Les milliers de maîtresses ou maîtres en maternelle brimeraient donc les enfants ? Il ne s’en trouverait aucun « heureux et fier » d’avoir appris et compris quelque chose en rentrant de l’école ? Quant à l’invincibilité… Laissons-la aux auteurs de bande dessinée. C.A. n’ignorant pas, pour sa part, que les enfants apparemment ordinaires disposent néanmoins d’une « intelligence plastique extraordinaire » , elle leur propose donc très vite, et pour ne pas les brimer, « de très grandes quantités : ils pouvaient compter au-delà de 100, voire jusqu’à 1000 et avaient la possibilité de manipuler plusieurs milliers d’unités. » (p.198)

Compter jusqu’à mille ! Espérons que ce ne sont pas les neurosciences qui prescrivent cette « activité » mécanique et obsessionnelle qui fait « perdre » des quarts d’heure de vie – une demi-heure pour « aller à mille ». L’hypertrophie du comptage, hors duquel il n’est point de salut pour tant d’enfants, qui en sont les victimes pour le moindre calcul, que je ne cesse de combattre depuis quatre décennies pour avoir vu et revu ses nuisances à l’œuvre, eh bien elle est ici un étendard, une preuve d’exploit – pardon d’enthousiasme – individuel . Qui saura compter le plus loin ? La photo des enfants (p.208) surplombe le nombre de la frise auquel ils sont arrivés, « les élans et les conquêtes des uns incitant les autres à aller toujours plus loin. » Il est même raconté qu’un enfant pouvait « souhaiter compter de 1 à 150 », et ce devant témoins attendant patiemment que s’égrènent -un, deux, trois… cent quarante-sept, cent quarante-huit, cent-quarante-neuf, cent cinquante ; ce qui, imaginant l’enfant compteur, m’a irrésistiblement fait penser à l’envoûtement dont fut victime Dorian Gray [8] : je voyais le visage de la photo vieillir, alors que l’enfant « très fier » exigeait qu’on le félicite pour son exploit !

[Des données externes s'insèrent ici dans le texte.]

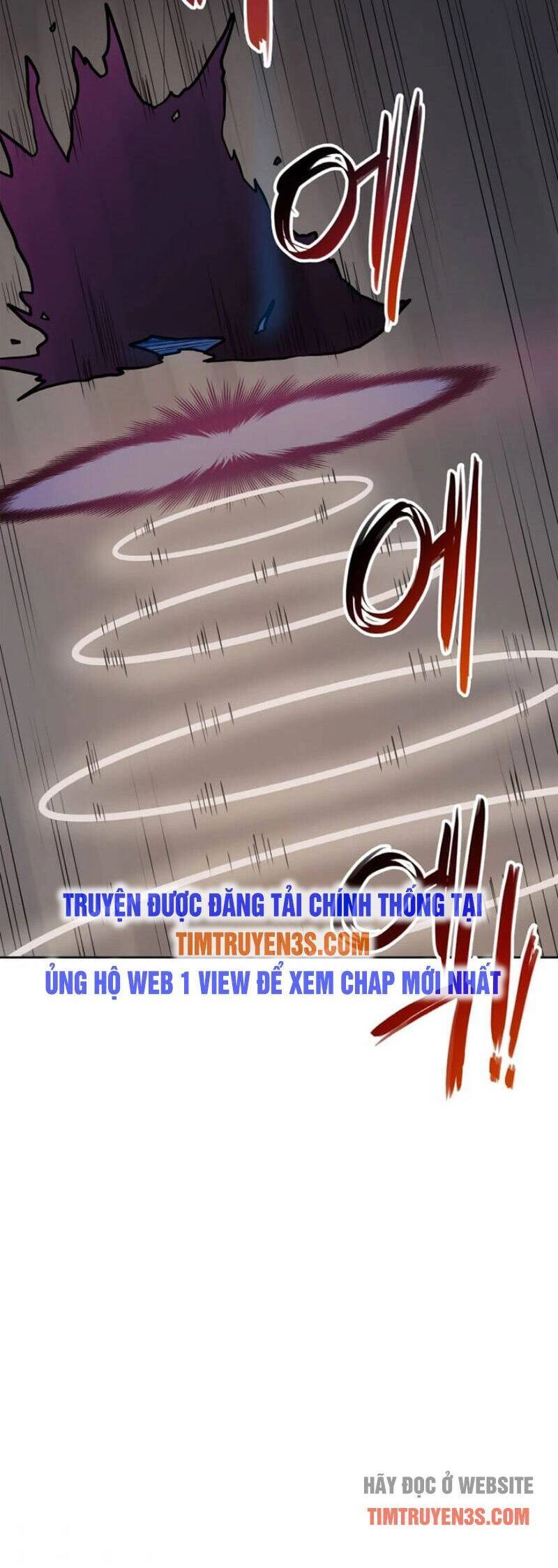 Ta Có Max Thuộc Tính May Mắn Chapter 23 - 32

Alors qu’il est bien dit que la comptine numérique est un matériau langagier de base, il eût été de la logique la plus élémentaire de faire apprécier aux enfants sa spécificité : compter de « un » à « neuf » et connaître quelques mots de plus suffisent à « tout » savoir compter. C’est cela qui est admirable, et non de réciter un « bout-de-ficelle-selle-de-cheval » faussement savant. Les mathématiques, puisqu’elles sont souvent citées, recherchent l’économie, et c’est elle qui met en jeu l’intelligence, et non une dépense, une recherche d’exploit supposé… Dans la mesure où un comptage sous frise n’est homologué que s’il n’y a ni « erreur ou saut de case », cela suppose qu’ils sont l’un la prothèse de l’autre. Frise assénée, comptages encouragés, on peut déjà se demander ce qui est « mathématique » dans tout cela. Et qu’en est-il – de ce qu’on appelle sans doute avec ringardise - « la construction du nombre » ?

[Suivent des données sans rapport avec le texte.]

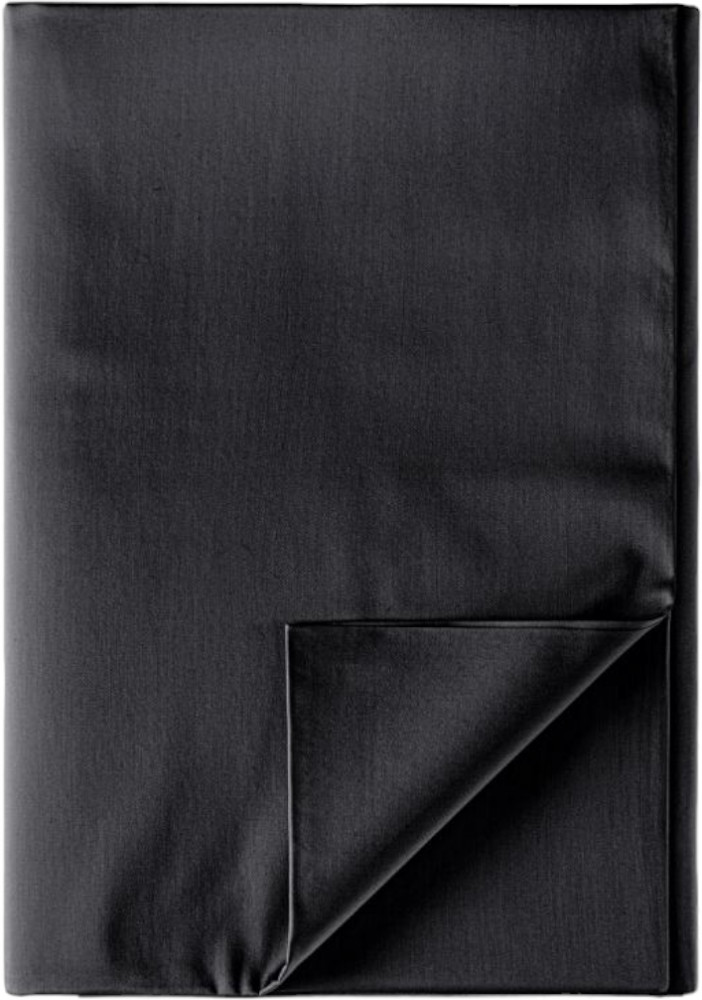 Простыня | Urban Family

Au fait. Nombres ? Ou quantités ? Aucune réflexion, aucun éclairage épistémologique sur leurs natures respectives. Au contraire (p.210) :

"Nous présentions très tôt aux enfants – dès qu’ils savaient compter jusqu’à 10, - une idée de ce que pouvait représenter la quantité « cent » ou la quantité « mille » avec du matériel qui présentait le code de notre système décimal : l’unité, la dizaine, la centaine et le millier.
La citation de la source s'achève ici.